Thirdly, look at the physical length of this lens: 273.95mm, that's almost 26mm longer than the current state of the art Canon EF 300mm f2.8L Mk II lens. Canon is hardly going to replace that with a longer lens! So why is the MFT design physically longer? Well, by relaxing the physical specifications of a lens (allowing it to be bigger), a lens design engineer has more scope to deliver high optical performance without having to resort to as many exotic and expensive optical materials. Or, by doing both, relaxing the size specification and using exotic materials, even higher optical performance can be achieved (like Zeiss Otus lenses). By the way, this Canon design is physically slightly shorter than the Olympus 300mm f2.8 4/3 lens.

For whatever reason, Canon has decided to design and patent this MFT lens. Time will tell if if ever sees the light of day.


----------



## KiagiJ (Oct 8, 2016)

Yes absolutely they need a 50mm 1.2 ii asap! That should be priority as the sigma art kicks its ass and canon already put up their new 35 1.4 to defend against the sigma 35 art so, a 50 should hopefully be soon. I want that as although my 50 sigma is great optically the focus is crap on my 1dx2 so I just want a good canon 50 so its future proofed with new canon bodies and just know it'll viewfinder focus accurately in future unlike a sigma


----------



## AUGS (Oct 8, 2016)

David Soares said:


> Come on, think about the specs of this lens. It clearly is not a Canon EF (DSLR full frame) or an EF-S (APS-C) lens. Instead, it is a Canon Micro Four Thirds (MFT) lens.
> 
> First of all the Image height is 21.64mm. That is about the image circle diameter of MFT (21.60mm to be exact). That specification has no relevance to full frame or APS-C image dimensions. Canon Rumors used Google Translate, so the translation isn't exact. "Image height" should be "Image Diameter".
> 
> ...



Actually, sorry to correct you, but this is for a full frame lens.
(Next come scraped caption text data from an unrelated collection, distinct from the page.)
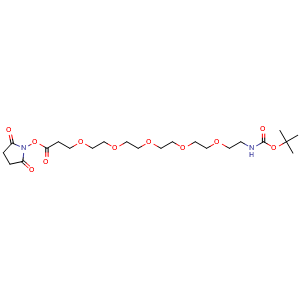 Chemical structure of BocNH-PEG5-CH2CH2COONHS , CAS 2055040-78-1, AChemBlock V156155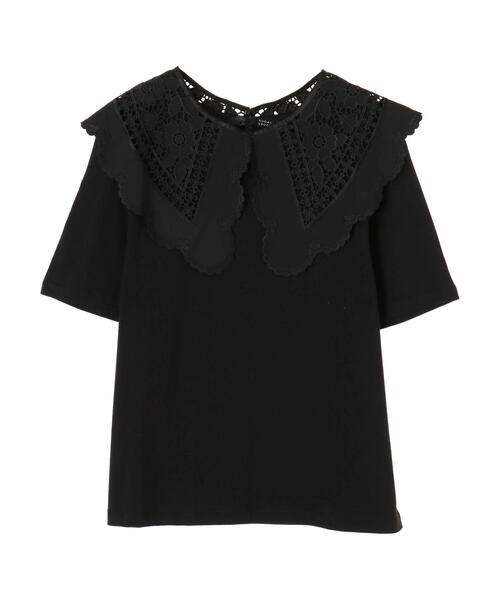 Sugar spoon（シュガースプーン）の「・SUGAR SPOON SET2点レースカラー×Tシャツ＊（Tシャツ/カットソー・レディース・その他7/モカ/オフホワイト/ブラック・FREE）」の11枚目の写真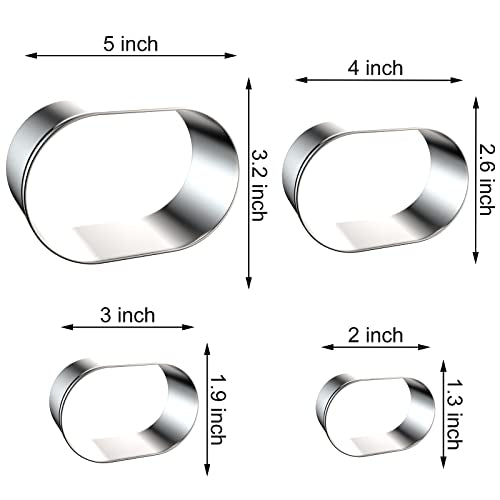 Pill Capsule Long Oval Cookie Cutters - 5 Inch, 4 Inch, 3 Inch, 2 Inch - Geometric Frame Plaque Cookie Cutter Set Fondant Biscuit Molds - Stainless Steel - color: Oval-Pill Capsule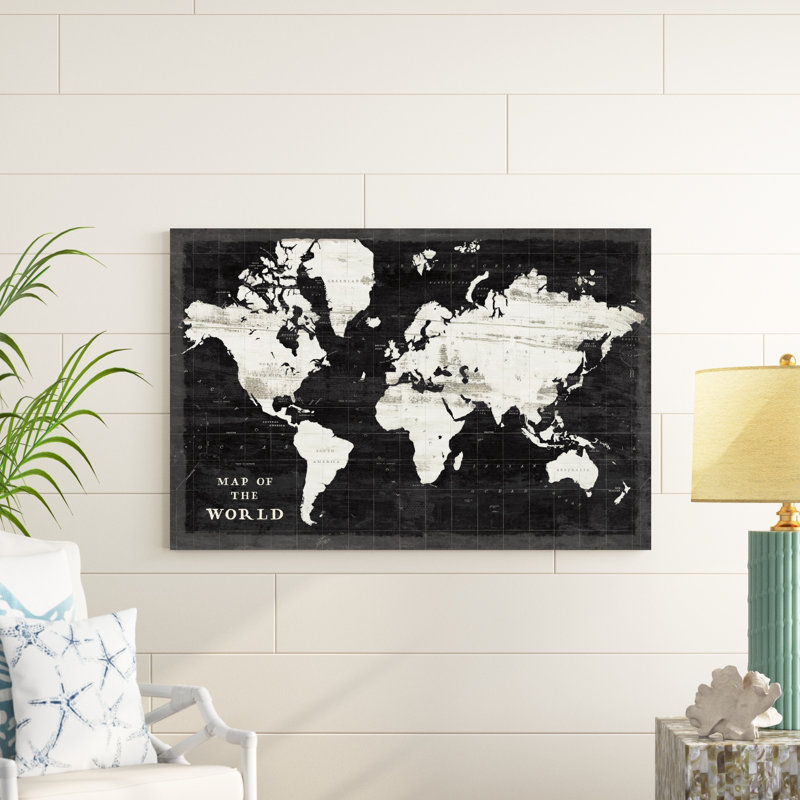 Carte du monde noire, H 32 po x l 48 po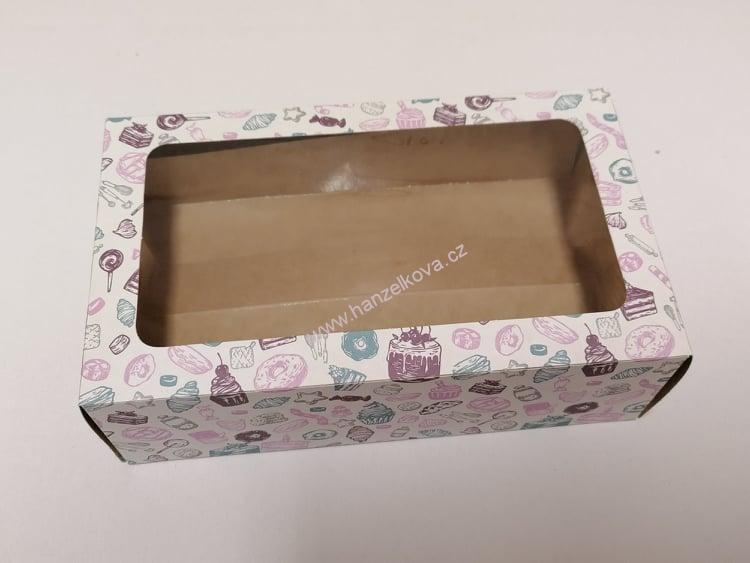 Krabice ECO na 12 makronek vysouvací s průzorem, dekor Sweet
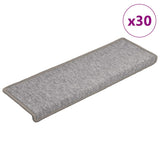 Vidaxl trapmatten 30 st 65x21x4 cm lichtgrijs met rechthoekige rand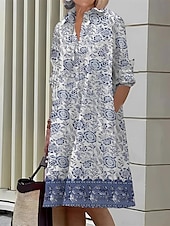 abordables Robes Floraux Imprimés-Femmes Robe Midi Robe Chemise Robe Décontractée Mode Moderne Quotidien Plage Week-end Coupe régulière Fleur manche longue Col de chemise Blanche Jaune Rose Claire bleu marine Printemps Automne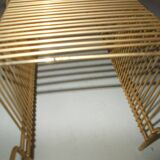 Vintage record rack in gold metal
The image height in these patents is the image circle radius. 21.6mm is the half diagonal of a full frame sensor, and is the horizontal axis dimension used in the MTF Charts of a full frame lens. 
The angle of view is also the "half angle" (I have no idea why it is like this in the patents, but assume it is the same reason they use image circle radius and not diameter). So 4.23 degrees half angle is 8.46 degrees full angle of view which is nearly the same as the spec for the EF 300mm f/2.8L IS II USM Lens.
You can also see this information in other patents. Refer to this:
http://www.canonrumors.com/patent-canon-ef-24-105mm-f4l-is-ii/

What I do find interesting in the patent is the BF 60.8 and slightly longer lens. As you said, this will probably mean less exotic element designs, and in making the lens slightly longer and possibly smaller diameter, may mean a reduction in weight of the overall lens.

Hope this helps.


----------



## Talley (Oct 8, 2016)

AUGS said:


> David Soares said:
> 
> 
> > Come on, think about the specs of this lens. It clearly is not a Canon EF (DSLR full frame) or an EF-S (APS-C) lens. Instead, it is a Canon Micro Four Thirds (MFT) lens.
> ...



Yup this is a FF lens. 

And makes me wonder why the heck would they do this lens? The 300 2.8 IS II is like the benchmark standard next to the 400 2.8 IS II and the 200 F2 IS. These are the top 3 performers currently in their lineup for any lens.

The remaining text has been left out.